DATA BLOCK

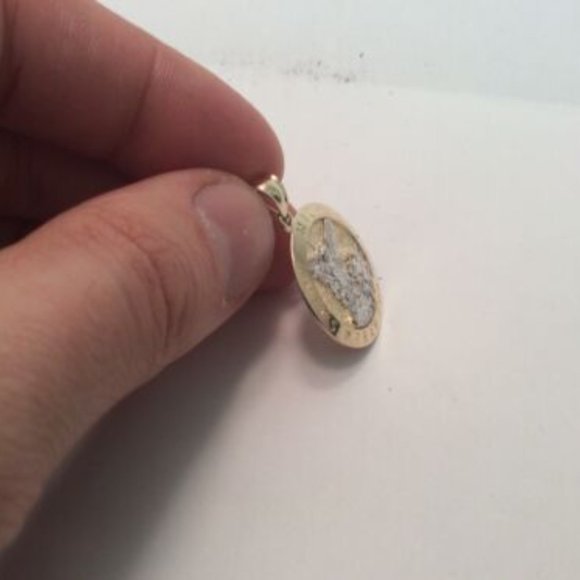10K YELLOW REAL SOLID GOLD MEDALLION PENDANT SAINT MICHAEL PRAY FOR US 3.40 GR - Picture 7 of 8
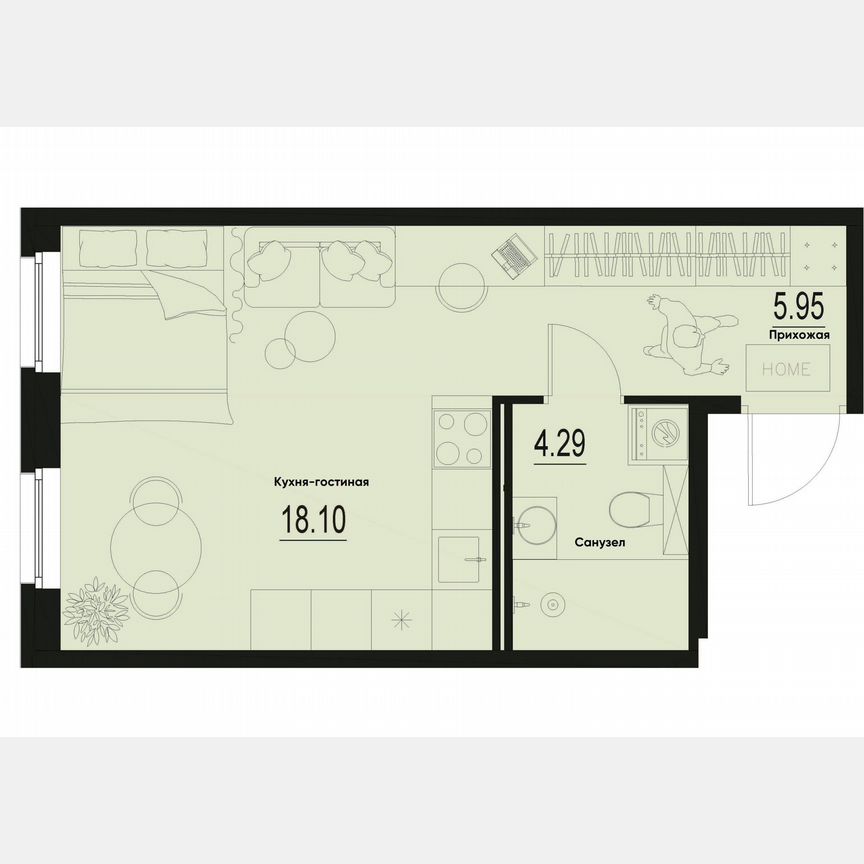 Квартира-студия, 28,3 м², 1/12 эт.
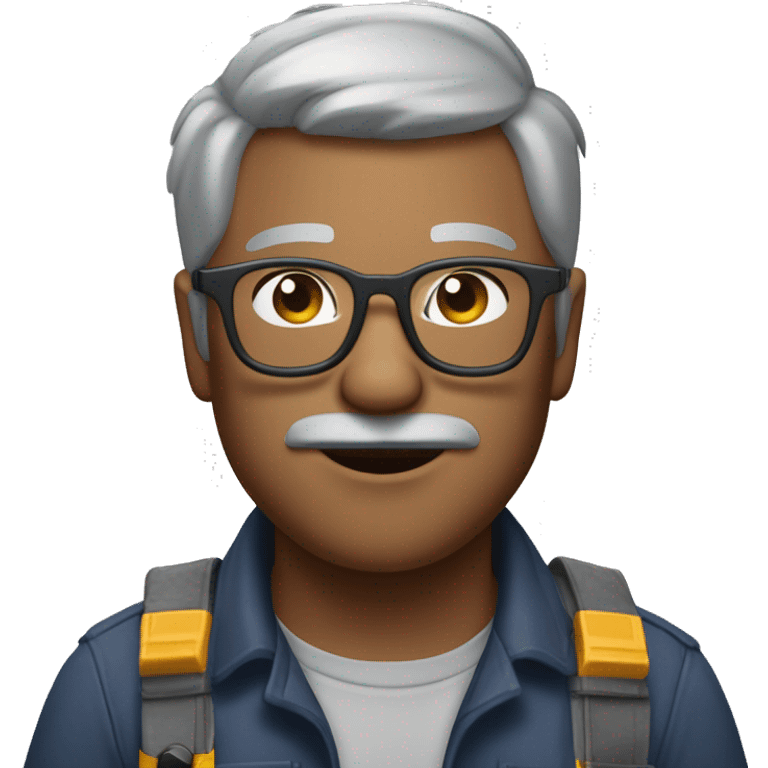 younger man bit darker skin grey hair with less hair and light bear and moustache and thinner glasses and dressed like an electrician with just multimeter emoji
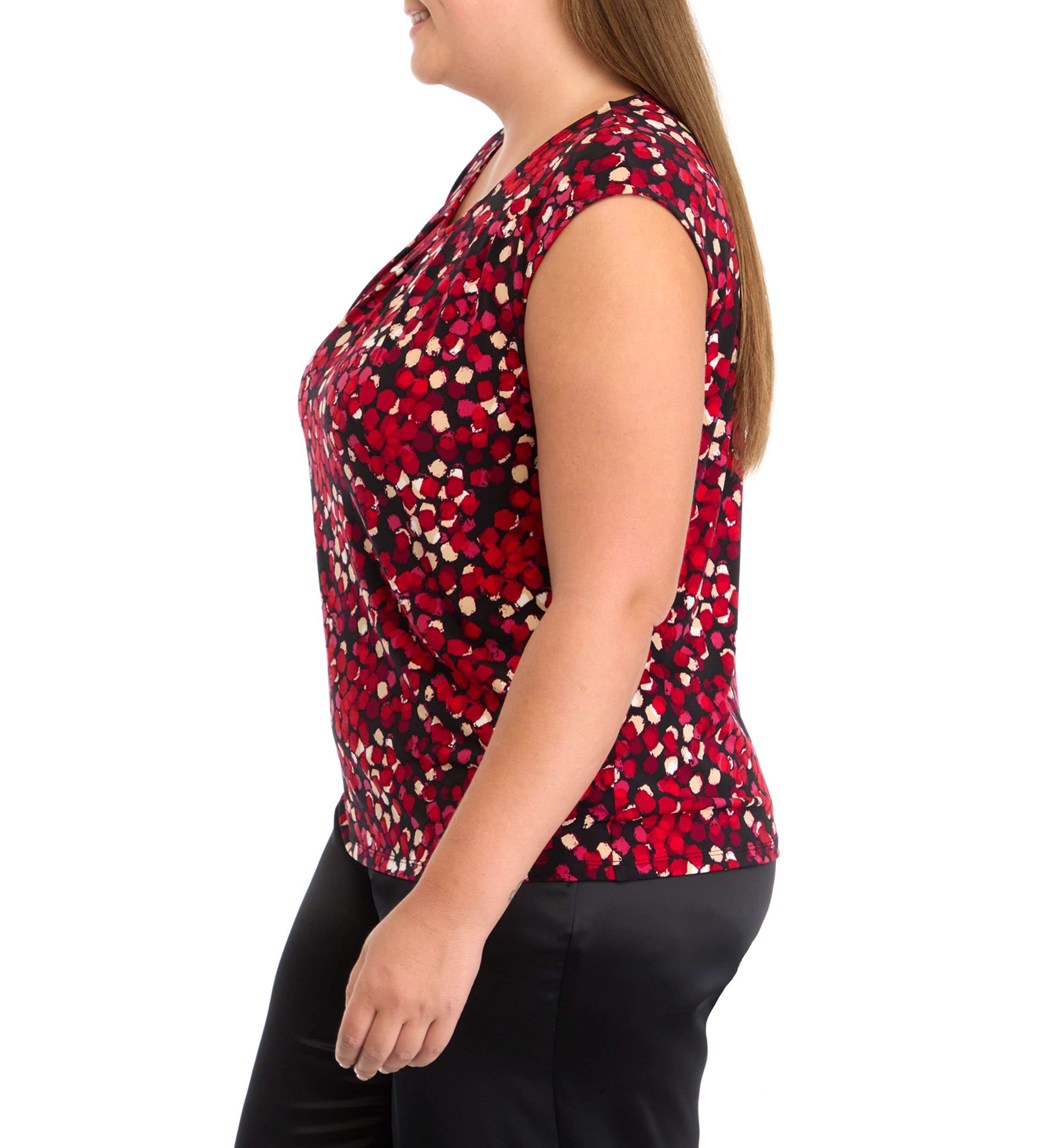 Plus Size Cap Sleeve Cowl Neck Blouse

WORK ITEM
Reproduce the full listing verbatim so that only the pictures are missing.

TASK OUTPUT
10K YELLOW REAL SOLID GOLD MEDALLION PENDANT SAINT MICHAEL PRAY FOR US 3.40 GR - Picture 7 of 8
 Квартира-студия, 28,3 м², 1/12 эт.
 younger man bit darker skin grey hair with less hair and light bear and moustache and thinner glasses and dressed like an electrician with just multimeter emoji
 Plus Size Cap Sleeve Cowl Neck Blouse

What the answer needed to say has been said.